For years, Ren has been outspoken, earning the nicknames of “China’s Donald Trump” and “Big Cannon.” In 2015, he posted on the popular Chinese social media platform Weibo criticizing the Chinese Communist Youth League, which is affiliated with former Chinese President Hu Jintao.
Shortly after Xi visited the headquarters of Chinese state television CCTV on February 19, 2016, Ren posted on Weibo saying, “Since when did the people’s government become the party’s government? [Are the media] funded by party membership dues?”
The Chinese authorities shut down Ren’s microblog accounts in late February 2016 and he was placed on one-year probation in May 2016.
In 2016, Chinese newspapers severely criticized Ren for his social media post, but for his latest offense, no newspaper has scolded him, Ching pointed out. Ren’s investigation received little mention in Chinese state media. One exception was a factual report in the Global Times, a nationalistic Chinese newspaper, on April 7.
“The lenient treatment of Ren shows that Xi did not want to openly break his tacit alliance with Wang, because everyone knows Wang was instrumental in Xi's consolidation of power during his first term,” Ching said.
Since late 2012, Xi launched an anti-corruption campaign which landed many senior officials in jail, including Zhou Yongkang, China’s former top cop. Wang would not hurt Xi, because Wang needs his boss to protect him from powerful enemies likely to have been incurred in the anti-graft crackdown, the risk consultant said.
Sources have told Lam that relations between Xi and Wang are still good.
Wang lost considerable authority after resigning from the Politburo Standing Committee, the handful of the most powerful officials governing China, in October 2017. Yet in recent months, Chinese state media have shown photographs of Wang with members of the current Politburo Standing Committee including Xi at various functions, suggesting Wang remains important.
Ren’s February essay slammed Xi’s handling of COVID-19, alleging, “When the epidemic broke out, they wouldn’t dare admit it to the public without the emperor’s orders. They wouldn’t dare announce the facts, and instead criticized “rumors” to restrict the spread of the truth, resulting in the disease’s uncontrollable spread.”
Ching said, “Ren came at the right time to provide ammunition for anti-Xi campaign, whether at home or abroad.”
US politicians like Senator Ted Cruz have blamed China for the outbreak of this disease. In a tweet on April 7, US President Donald Trump tweeted, “The W.H.O. really blew it. For some reason, funded largely by the United States, yet very China-centric.”

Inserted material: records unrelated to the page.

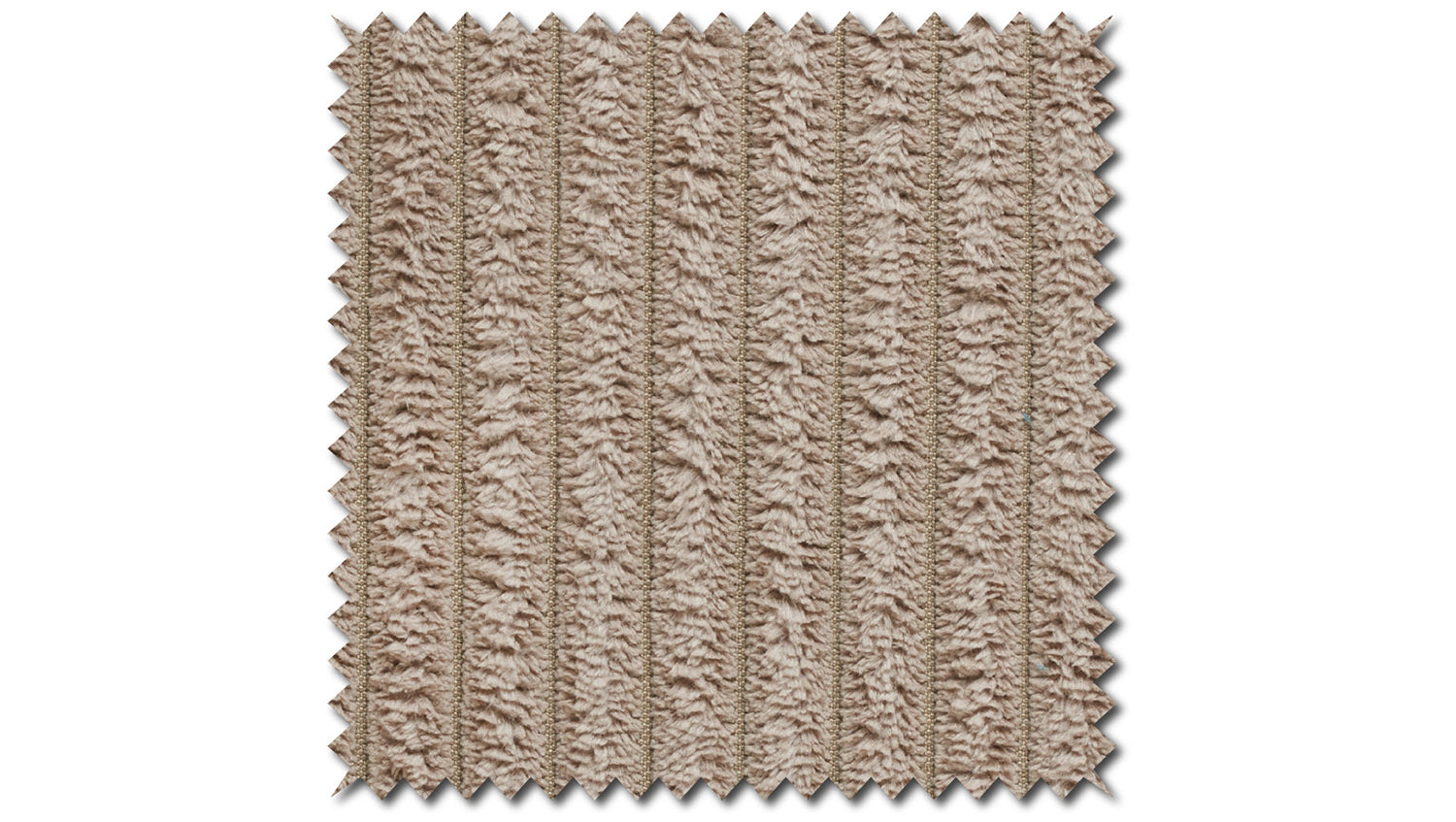 KAWOLA Sessel CHARME Hochlehnsessel Cord taupe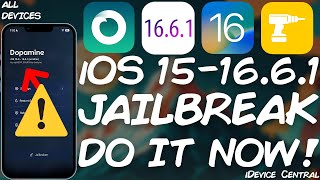 Do THIS NOW! MAJOR DOPAMINE 2 JAILBREAK Update RELEASED! UPDATE NOW! iOS 15.0 - 16.6.1 (ALL DEVICES)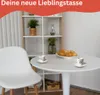 Caffè Moak Espressotasse I`M ROCK mit Untertasse Produktbild-Vorschau 7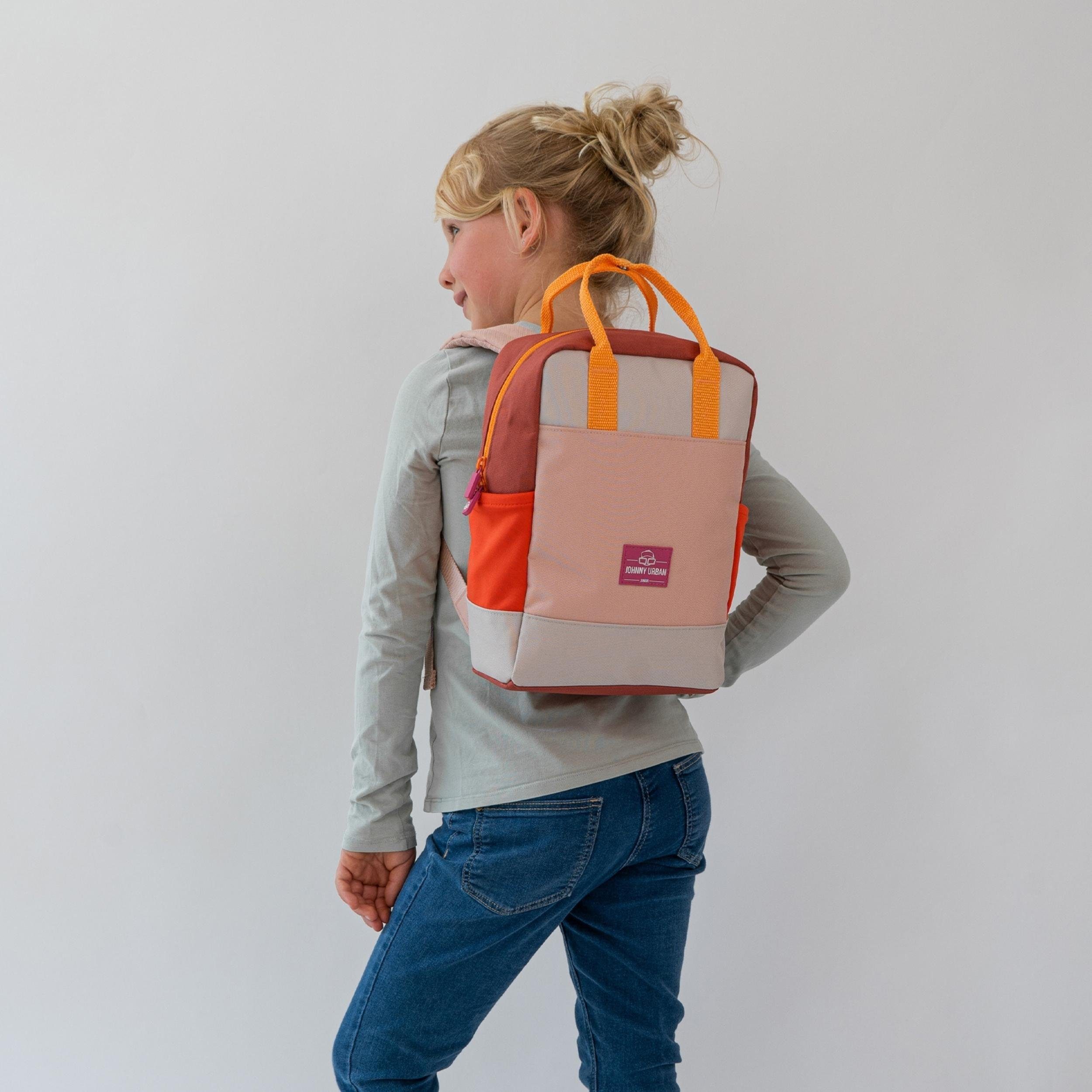 Johnny Urban Kinderrucksack Linus Junior Rucksack Kinder Mädchen Jungen, Weiche Polsterung, Recyceltes Material, Wasserabweisend
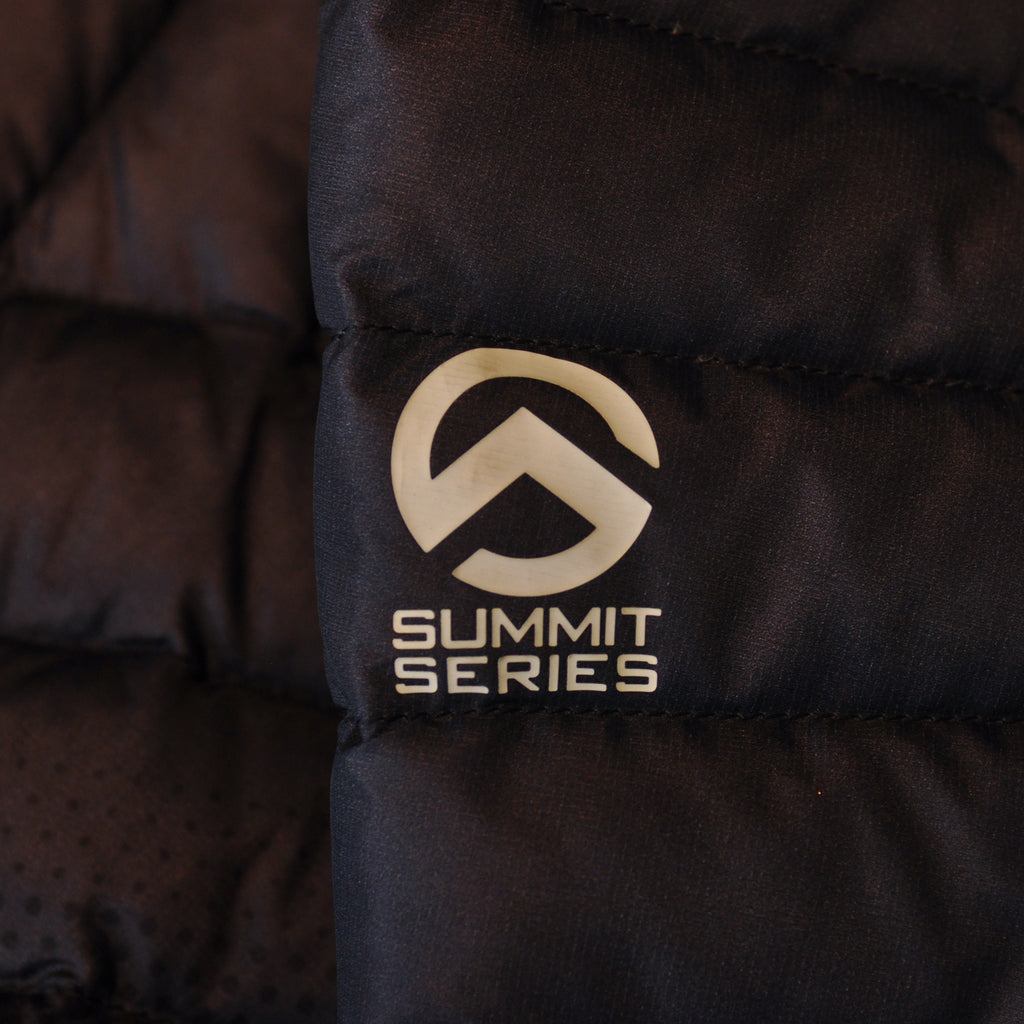 The North Face Black Summit Series Lightweight Down Puffer Jacket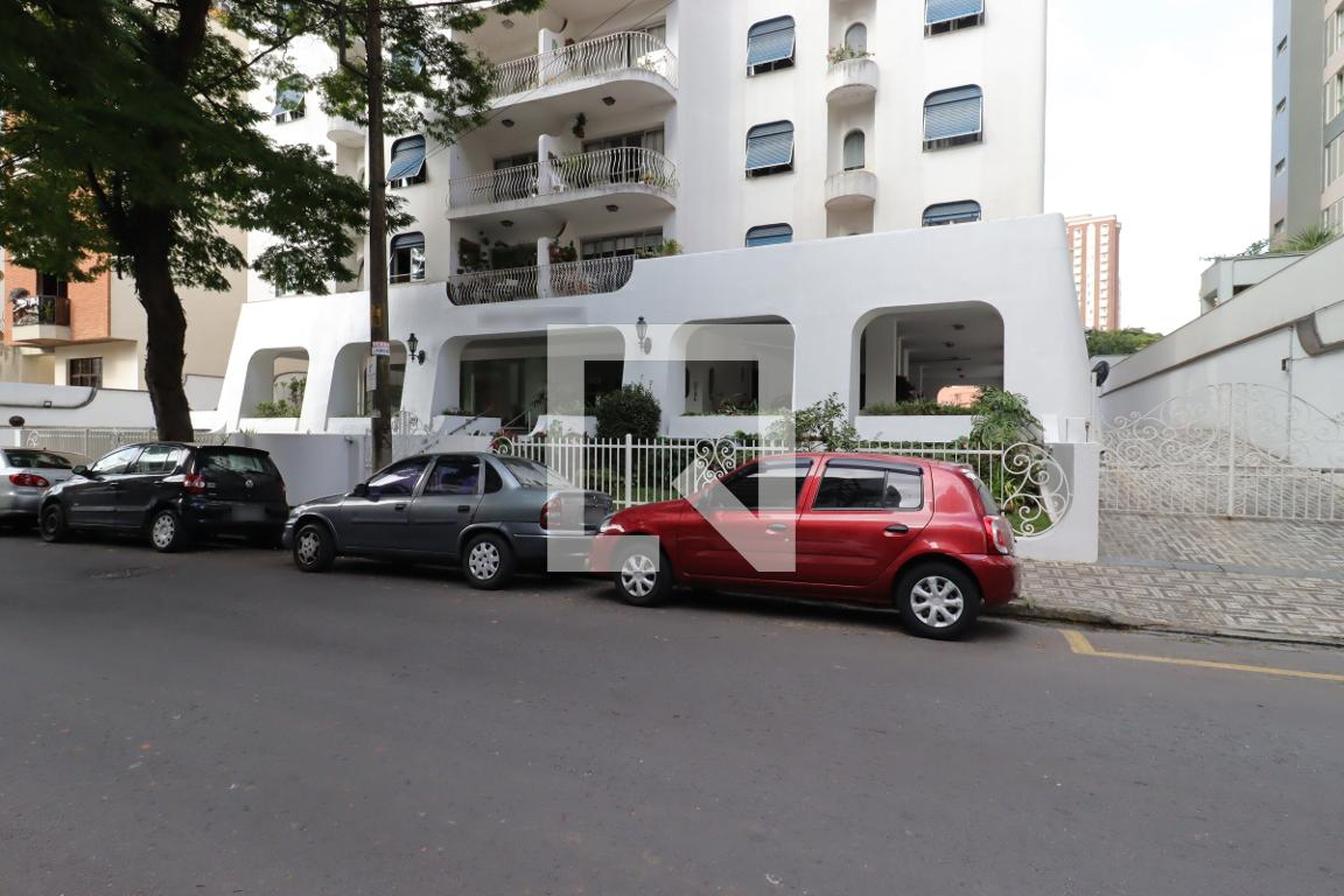 Fachada Condomínio Ilha de Rodes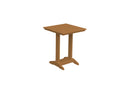 A&L Furniture Co. Amish-Made Poly Balcony Side Tables AL4076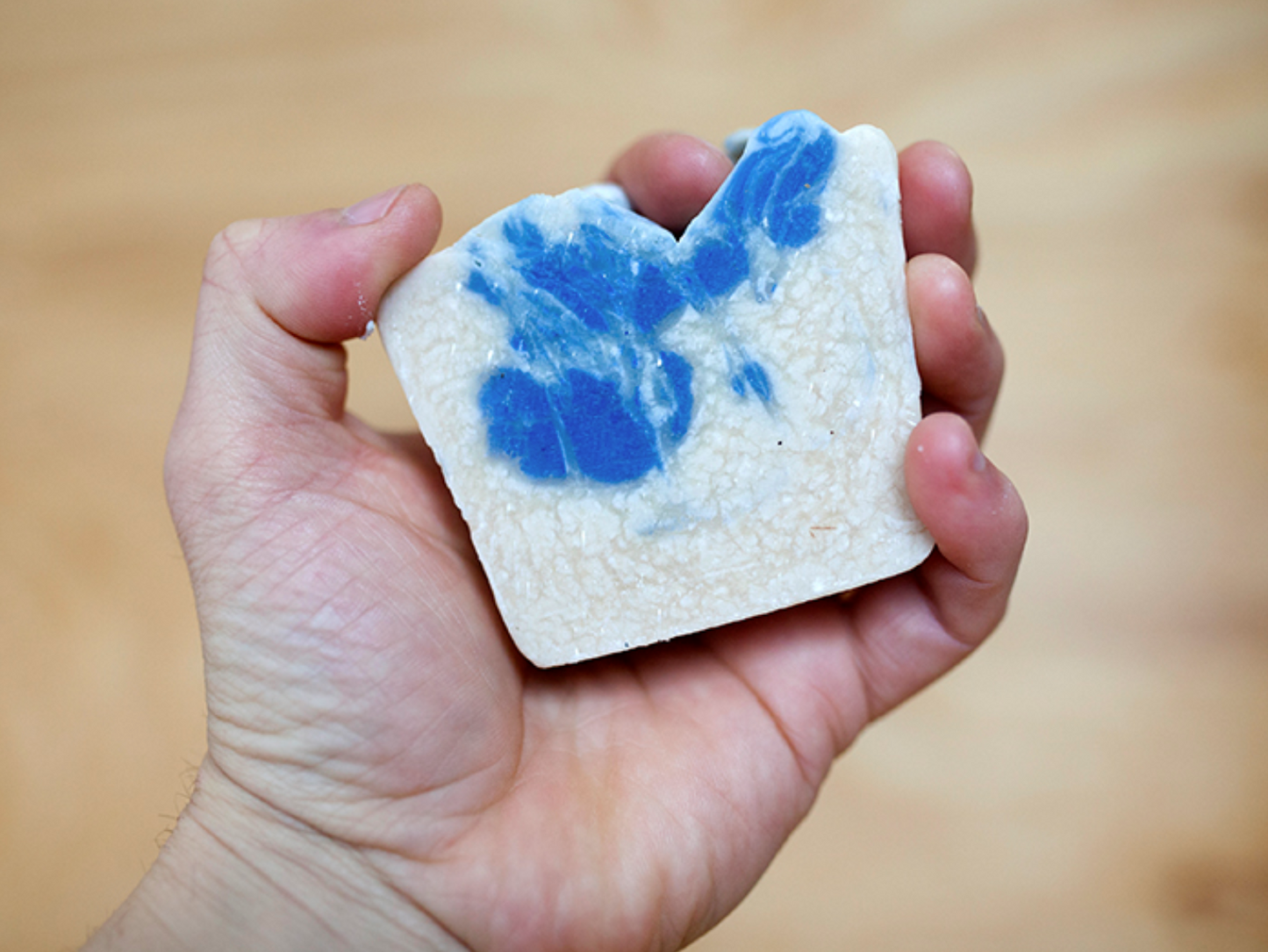 Caribbean Blue - Warm Nutty Scent Body Soap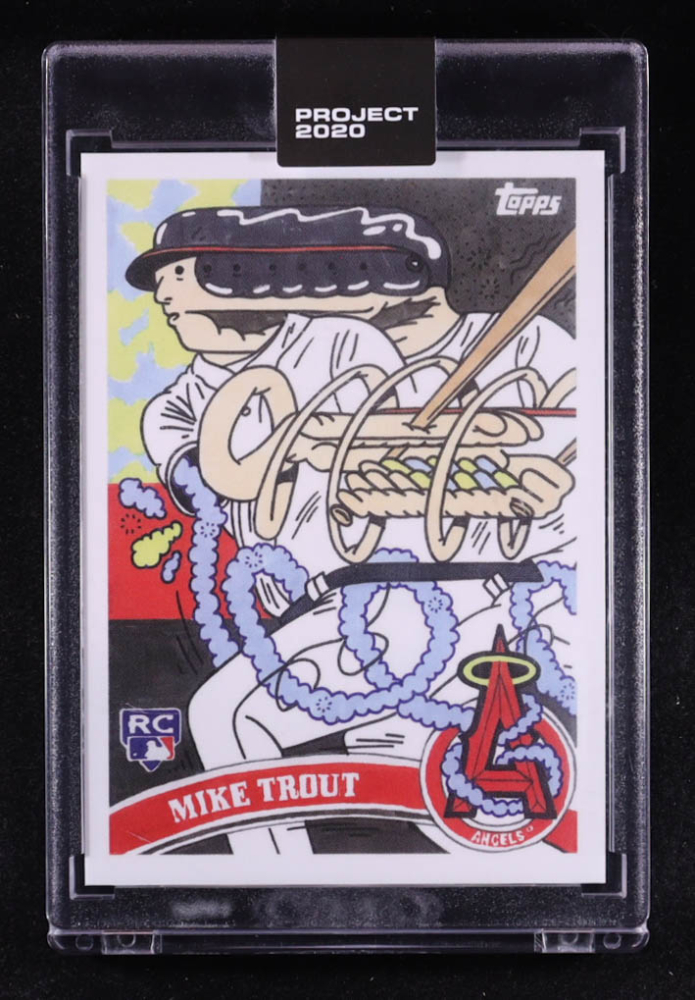 Mike Trout 2020 Topps Project 2020 #4 Ermsy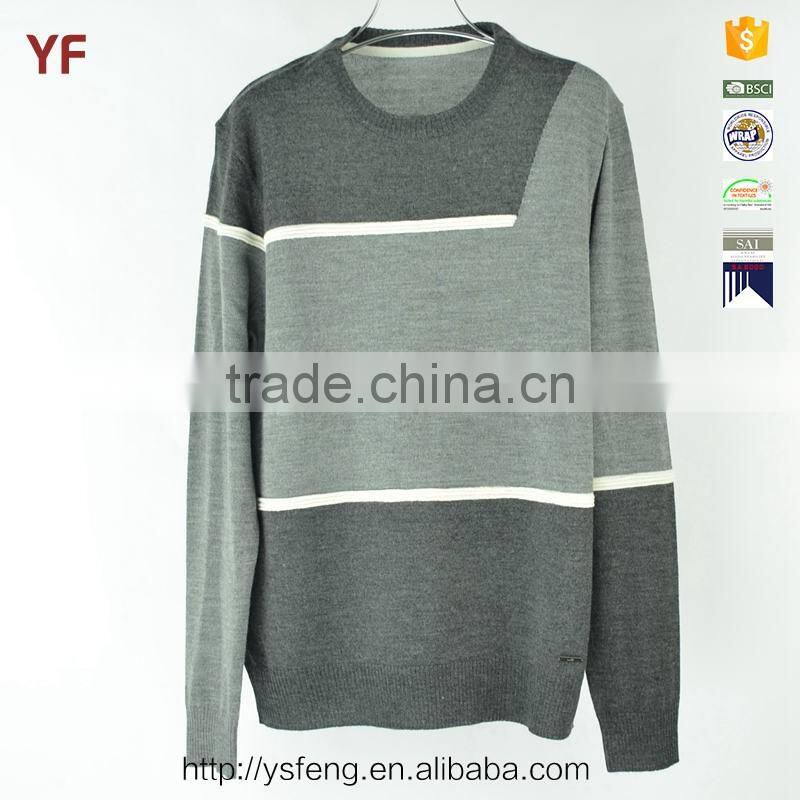 Fashion Men Pullovers 2015 Knit Sweaters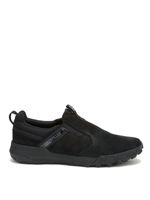 Slip On Cuero Hombre Hex Ready Negro Cat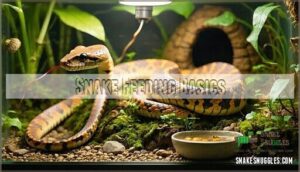 snake feeding basics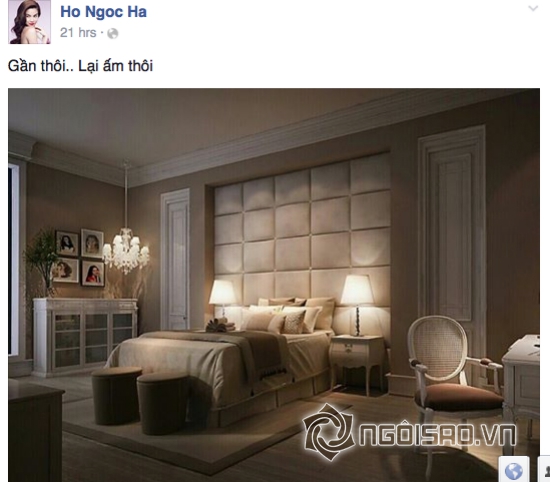 Hồ Ngọc Hà, Hà Hồ, Hà Hồ khoe ngôi nhà mơ ước, Hà Hồ sửa nhà 
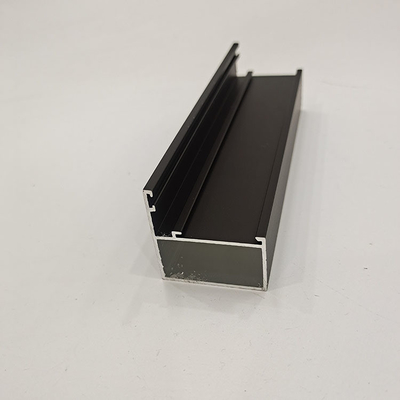 ISO9001/ISO14001/ISO18001 gecertificeerde aangepaste aluminium extrusieprofiel voor gordijnwand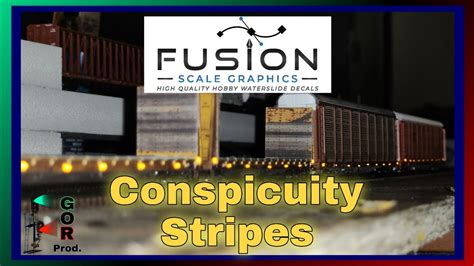 Fusion Scale Graphics Conspicuity Stripes | Review and Application ...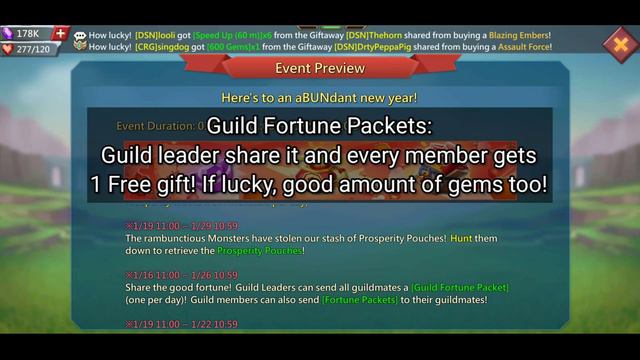 Lords Mobile Lunar New Year Prosperity Shop & Bargain Store? смотреть онлайн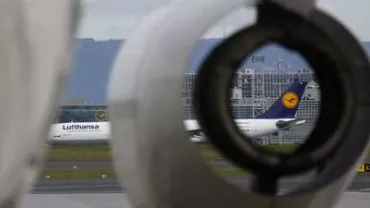 Lufthansa anulează 200 de zboruri în Germania și Europa din cauza grevei piloților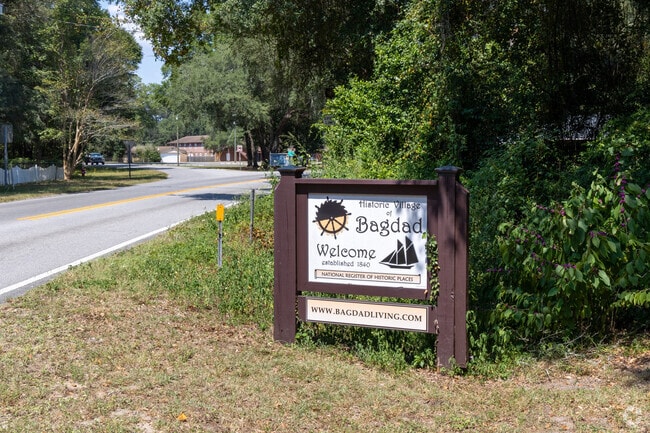 Small town Bagdad residents take a lot of pride in their history.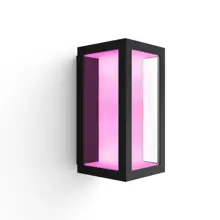 PHILIPS HUE-WCA wall light LED Impress 8W 1200lm/RGBW IP44; black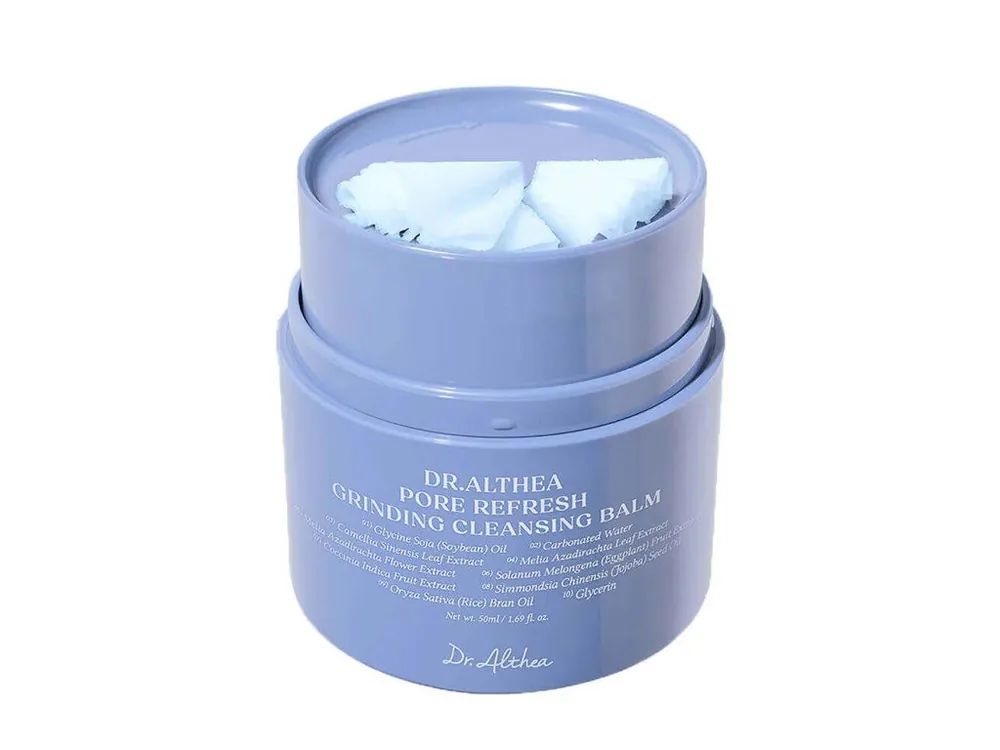 Cenová Bomba Dr. Althea Pore Refresh Grinding Cleansing balm - hypoalergenní odličovací balzám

Pro-Trump US media like Fox and Breitbart have been running articles and television programs which criticized China for this pandemic.
China’s Foreign Ministry has strongly rebuked US politicians for criticizing China on the pandemic. In an attempt to project China’s soft power, Beijing has been donating face masks and equipment to various countries to help them fight the disease.
“This will hurt Xi’s reputation definitely,” said Lam.